I made a lot of mistakes in life. I could make many excuses why I ruined the lives of others as well as my own, but I won't. It's too late to go back in time and change them, and soon I'll have to face up to what I have done in the afterlife. If I'm lucky, I'll get to see Frigga again. She was a woman who treated me as her own, the one that I've probably wounded the most. Before she died, I told her that she wasn't my mother out of a fit of rage. She died shortly after that. Being imprisoned at the time, I wasn't even allowed to attend her funeral. Replaying those last moments of her life that we shared together over and over in my mind drove me to the brink of insanity. Frigga now rests in peace in a place where the brave souls dwell in happiness for all eternity. It's a place where someone like me doesn't belong.
Even Thor mourned over my body. I'm not sure if he was in distress that I died in front of him, or if he was simply in shock from the whole situation. I've done a lot of terrible things to him. And, through it all, he still insisted on calling me his brother. I've betrayed the stupid gentle oaf more times than I can count, but he always found a place in his heart to trust me again. I'd never admit it to him, but it was hard to look hi in the eye (hee…eye) after all of the things that I had done to him. Even in death, it's hard for me to look upon his face and not feel an ounce of shame. However, he seems to have already made new friends. He was always good at that. Perhaps that little triangle – faced rabbit will take better care of him than I ever did.
Another thing I would never tell Thor is that even all this time, I still love him like a brother. As children, when Thor's stupid friends Lady Sif and the god damned warriors three always bullied me, Thor would put them in their place and tell them that I was his brother, and that I would accompany him anywhere he went. Sure, he was very arrogant from time to time, but even when he found out I was not his biological brother, he still treated me as his own. I remember one particular incident about my childhood.
It was after one of father's birthdays. There was a huge ceremony, a grand feast, and plenty of entertainment. Obviously, the commotion was too much for me to handle as a small child and I needed some time alone in one of the empty hallways in the palace of Asgard.
"Look who we have here, boys." Taunted Volstagg as he lightly pushed me to try to get a rouse out of me. He may have been the largest out of the three, but I swear his intelligence was lowest of the bunch. Even with the three of them together, you could not come up with a three-digit IQ.
"Leave me alone, I don't want to argue today." I defended. I quickly turned away from them to head back to my chambers, but I was stopped in my tracks by Fandral, idiot number two.
"He's so skinny." Laughed Hogun. "He looks nothing like Thor. Nor his mother, nor his father. Perhaps he is adopted?"
Volstagg agreed. "Right! You can just poke him and toss him around, and he can't do anything about it!" The stupid giant did just that. He poked me in the ribs until I laughed hysterically, and then threw me onto the ground until he was hovering over top of me, his elbow against my chest.

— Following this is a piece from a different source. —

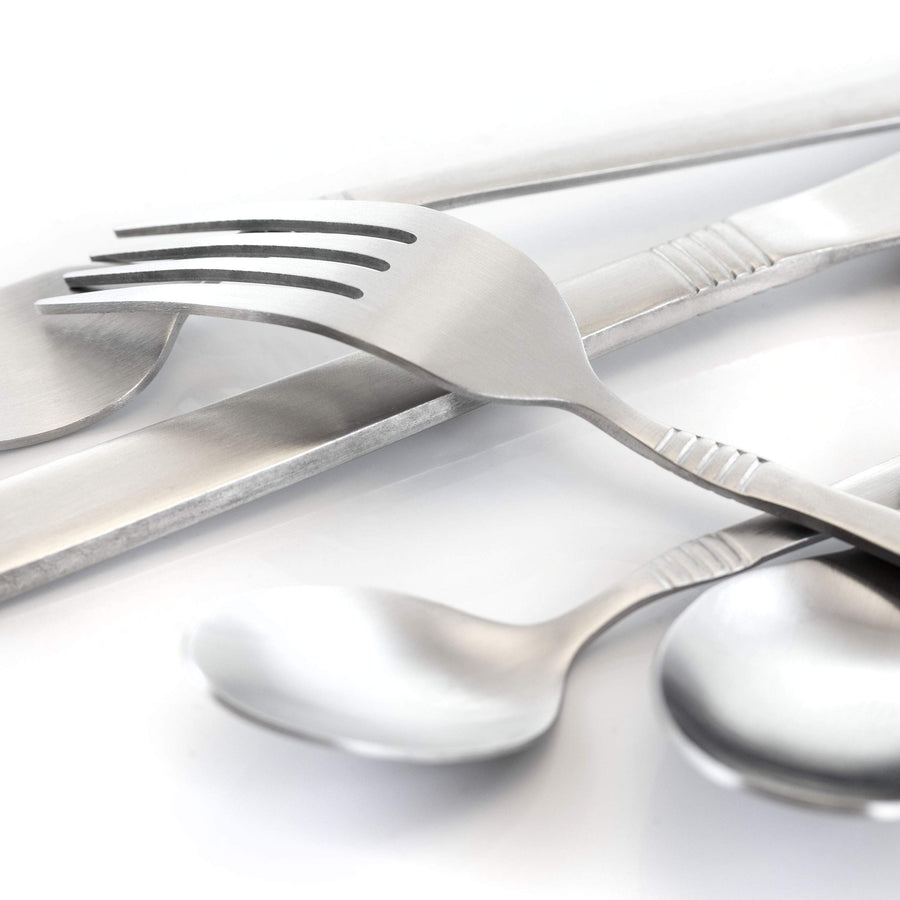 Close up of matte silver flatware handles with engraved line detail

"Enough of this!" Shouted my brother, coming to my rescue yet again. "Volstagg, if you are going to accompany in war and adventures, you must learn how to treat my brother respect."
The red – headed giant rolled his eyes but did comply to Thor's wishes. "I'm sorry, Loki." He apologized, albeit sarcastically.

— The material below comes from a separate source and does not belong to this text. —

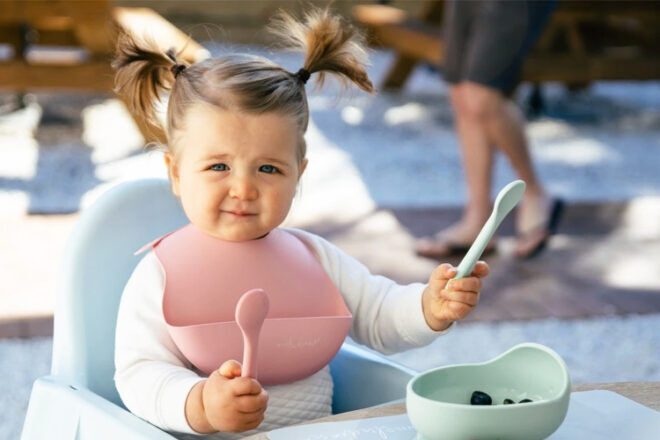 Young girl holding Wild Indiana Silicone Baby Spoons in a high chair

"It's been a long day, please leave us." My brother ordered.
As usual, I struggled within Thor's grasp. Always trying to prove that I did not need him, but in face he needed me. "Let me go! I don't need thi-" Before I could call him a stupid oaf, said idiot started to rub circles on my back, and rock me back and forth. He knew that had always been my major weakness, that dumb idiot.

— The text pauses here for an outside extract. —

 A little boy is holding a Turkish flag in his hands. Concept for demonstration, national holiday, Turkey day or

It was the same in death. I could see my brother from the afterlife, picking up my dead body from the ground and rubbing circles on my back, and rocking me back and forth just as he had done when we were children.
I think I'll stay here for a while longer. I will confess that I am afraid of what is going to happen to me as my soul moves on. I am uncertain if I will get to rest in eternal peace or be tortured forever in the underworld. Perhaps it is better if I never find out. Sure, call me a coward, I know that I am one. I may have sacrificed my life for Thor, but it still doesn't make up for all of those people I killed, the lies I've told, and the loved ones I have betrayed.
Limbo is peaceful. It isn't terrible, but it isn't heaven, either. It makes me wonder how many hundreds of thousands of souls have felt this way when their bodies have died. I can feel someone beckoning me to follow them. I can't see who it is. I have my knees pulled against my chest, and my face buried in them. I'm shaking, and I refuse to look up.
Maybe this really is the fate that I deserve. Some would argue that eternal torture still is too good of a fate for me, and peace is not something that I deserve. I can still hear the muffled voice, but maybe if I ignore it, it will go away. I think I will stay here forever.